Title (Goal)Package deposit with validation
Primary ActorData management specialist
ScopeComponent
Level 
AuthorElliot Metsger, rev. by Joshua Westgard
Story

As a data management specialist, I want to deposit, validate, and ingest a package that I have created into the repository, with the option of placing package contents into a new collection or adding them to an existing collection.

I have prepared a package of content for deposit into the repository. The package conforms to local standards/requirements, and may conform to a recognized standard like BagIt. The package contains a payload (the domain content to be ingested) and a description of the payload. The payload description includes a manifest of the content in the package, along with fixity for the package contents.

I want to deposit my package into the repository, and have the option of creating a new collection populated with the package contents, or deposit the package to an existing collection. Despite being a trained data management specialist, I may have made mistakes when composing the package. Therefore the repository should verify that the package meets local standards/requirements. If the package conforms to a recognized standard, it should be checked for conformity to the recognized standards as well. The repository should utilize the fixity information supplied in the package to verify the integrity of the package payload.

Upon accepting the package, the repository should provide some mechanism for me to understand where in the deposit workflow my package is.

Web Resources and Interactions

This extension would create new resources by POSTing those resources to some location in the repository, either an existing collection or the the /rest URI for new collections. The extension would be mediating the interaction of the user with the resources because it would need to interpret the package and make the necessary series of requests to create the new resources, or to PATCH existing resources in the case where items are being added to an existing collection. In addition to the payload, manifest, and fixity information, presumably some RDF graph would need to be submitted with the package in order to guide API-X on structuring the deposit.

Preconditions

The API extension architecture should expose this feature via a general URI such as 'fcrepo/deposit' and should manage the interaction with individual existing resources for the user, based on the provided package.

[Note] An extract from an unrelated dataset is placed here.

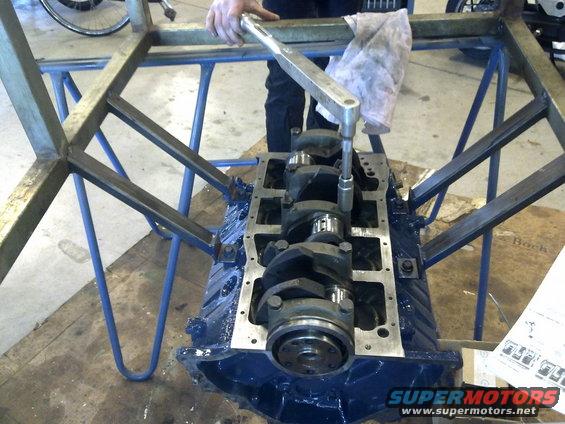 Engine block with crankshaft being worked on by a person with a torque wrench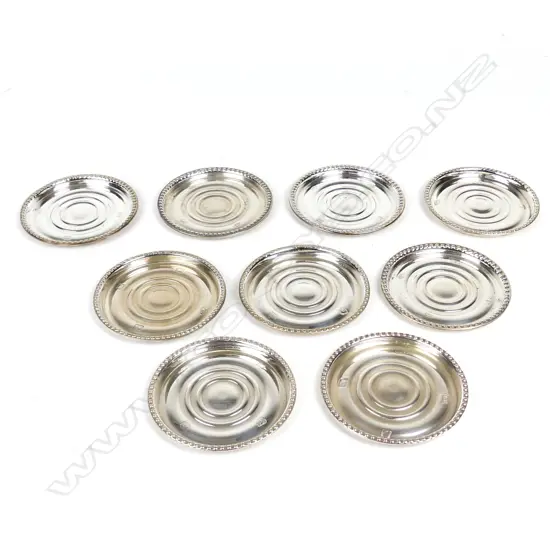 A set of nine New Zealand silver wine glass coasters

A possible alternative trigger would be when a particular type of package is POSTed to any container, but it is unclear how such an interaction would be distinguished from interactions made possible by the existing Fedora API.

Deployment or Implementation notes

I would anticipate the need for a Java-, Python-, or Ruby-based tool to manage the validation and deposit.

Proposed Requirements

This extension will need to leverage Fedora's existing transaction feature.

API-X Value Proposition

It seems likely that package deposit will be a widely desired and adopted feature, and to the extent that API-X would provide a common model for implementing this feature that would allow for easier deployment and sharing of such deposit tools, that would be a benefit for the larger community.

In addition, it seems that a single public URI for this service makes the most sense, and therefore having API-X obscure some of the details of the backend infrastructure would increase the "pluggability" of this sort of webapp.

5 Comments

  1.  but it is unclear how such an interaction would be distinguished from interactions made possible by the existing Fedora API.

    I had been thinking that a resource could expose the extension at /ext:pkgdeposit, assuming the resource was configured to support/allow package deposits.

  2. I would anticipate the need for a Java-, Python-, or Ruby-based tool to manage the validation and deposit

    One of the things I would want the extension to do is to - for example - unpack the Bag and verify the checksums of the files, insuring the bits weren't corrupted during transport.  This is an example of something that couldn't be done on the client side.

  3. Much of this Deposit Use Case sounds like what the AtomPub based SWORD deposit protocol is about. Do you see any resemblance?

    The SWORD initiative itself doesn't seen much alive, but its still recognized as a standard API for depositing.

    1. Indeed, SWORD may not be moving forward, but it is certainly not going away. It would be a shame to spend any time "reinventing the wheel".

      1. I don't think that this use case has committed, espouses, or eschews, any particular deposit standard.  I'm sure stakeholders would agree that evaluating SWORD would be a priority for this use case.